叔父さん | 落とし穴

叔父さん

PASOKON

今、家に叔父が来ています。


母方の兄弟なので、台湾の方です。


日本語話せます。(下手だけど)


幼い頃私は、彼によく虐められました。


どのように虐められたかは、覚えていませんが


夢に出てくるくらい嫌いだったのを覚えています。


もちろん、今では年月も経ち、私も大人になった(?)ので


過去の叔父のそういった行為は、歪んだ愛情表現の一つ


だったのだろうと、広い懐で受け止めています。


そのようなわけで、最近ではすこぶる順調にやっています。


そんな叔父から、朝っぱら呼び出されました。


まだ、夢の中だった私ですが、叔父からの召喚を断るわけにも


いかず、ジャージ姿でリビングへ。


叔父曰く、3日前に新しいノートパソコンを買ったのだが


いまいち、ブルー何とか(名前は忘れました)の設定の仕方が


わからないので設定してくれ。という事でした。


ハッキリ言って、私だって全くわからないので、1秒で断りました。


すると、


叔父「中、見てもいないのに、断る駄目よ。」


と、怒られたので、渋々中身を見ることに・・・・。


そういえば、本屋でバイトをしていた時も在庫がないと


言っても、お客さんが聞いてくれず本棚の下にある


引き出しを片っ端から開けさせられた事がありました。


気持ちは、わかるんですけどね。


もう少し信じて欲しい、嘘偽り無い僕の言葉を・・・・


まぁ、気の済むまでやりましょう。


と、パソコンを開くと案の定、中国語・・・・・


「郵便局は、この道を真っ直ぐ行って左です」レベルの中国語を


勉強している奴に、何を期待しているのでしょうか?


でも、あんまり早く諦めると、また何か言われそうなので、適当に


カチャカチャいじって、「あ~」とか「ほ~」とかやって、解った事は


もの凄い、軽い(重量)パソコンだなって事でした。

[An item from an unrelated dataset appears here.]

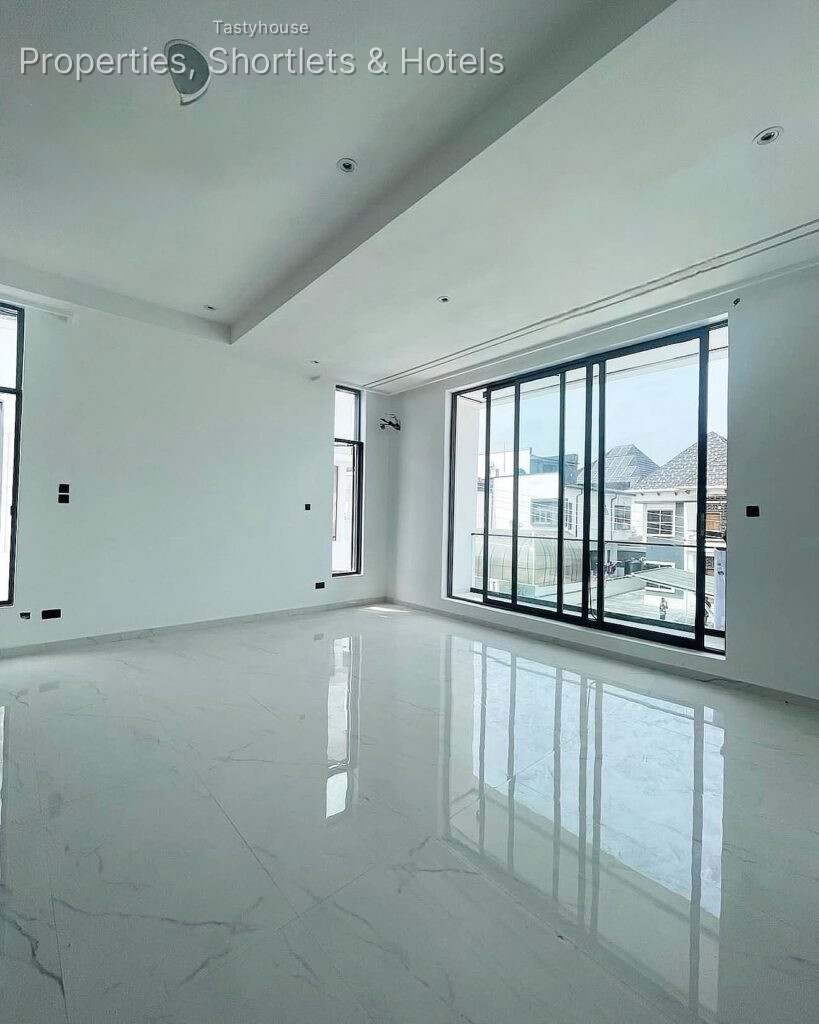 4 – BEDROOM DETACHED DUPLEX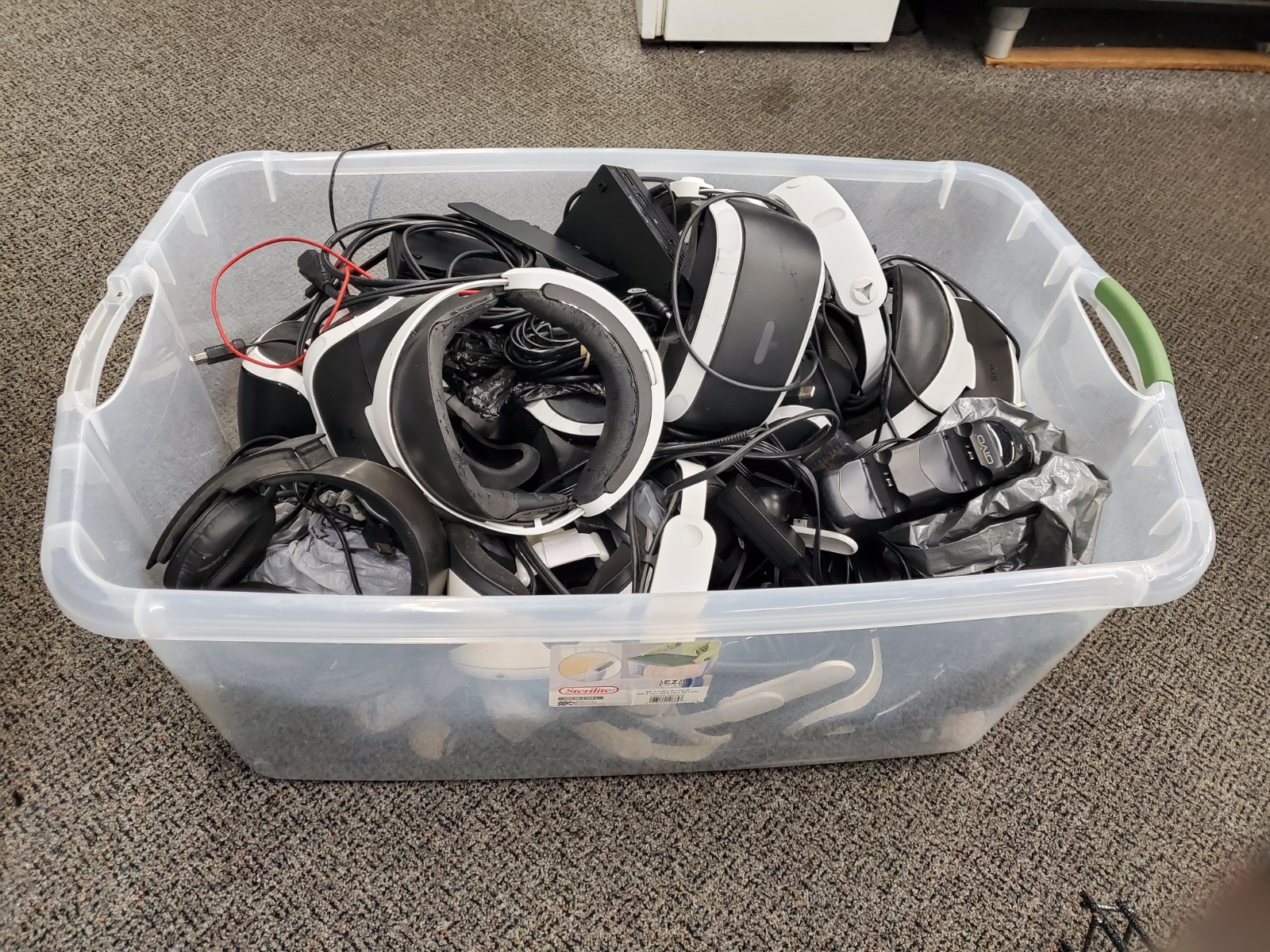 PS VR 1 Lot (As is, Untested, Uncounted, Read desc.)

(パソコン開かなくてもわかる)


で、頃合いを見計らって「やはり、僕では駄目ですね」と、言うと・・・・

叔父は溜息をついて、語り出しました。


叔父「あなたは、私のヒーローでした・・・」


・・・・初耳だぞ。しかもあんたは、そのヒーローを昔、虐めている。


叔父「私が、困った時いつも助けてくれました」


・・・・重いトランク運ばされたりね。ホント、腰に来たよあの時は・・・

叔父「でも、今、あなたパソコンわからない、もう・・・・・ヒーローじゃないっ


この、一言が私のハートに火を点けました。

・・・・・・・「ほざけぇぇぇっ!!チェンツォンっっっ(叔父の名前)」

開口一番、私はノートパソコンを逆に折り曲げ、流れるような動作で

右手でチョキをつくり、それを叔父の両眼に叩き込みました。

叔父「チョーミンガァァァァァァァァ(助けてぇぇ、という意味の中国語ね)!!」

と断末魔の叫びをあげ両目を押え、リビングを転げまわる叔父。

そんな叔父の姿を、冷め切った眼で見下ろしながら一言、

「パソコンの設定以前に、あなたの性格、設定しなおしてあげますからぁぁぁぁ」

・・・・・・という、想像をしながら叔父の話を聞き流していました。

すると、やっと叔父も諦めたのか

スクッと立ち上がり

叔父「さよなら、普通のだいちち」


と、言い残しサッサと出かけて行きました。

・・・・・・・・・やっ、やっぱり、むかつく(怒)。


結びに:でも、叔父はいつも家に来るとき


     私の好物の「パイナップルのお菓子」


     をお土産に買ってきてくれます。

   

     ありがとう、叔父さん。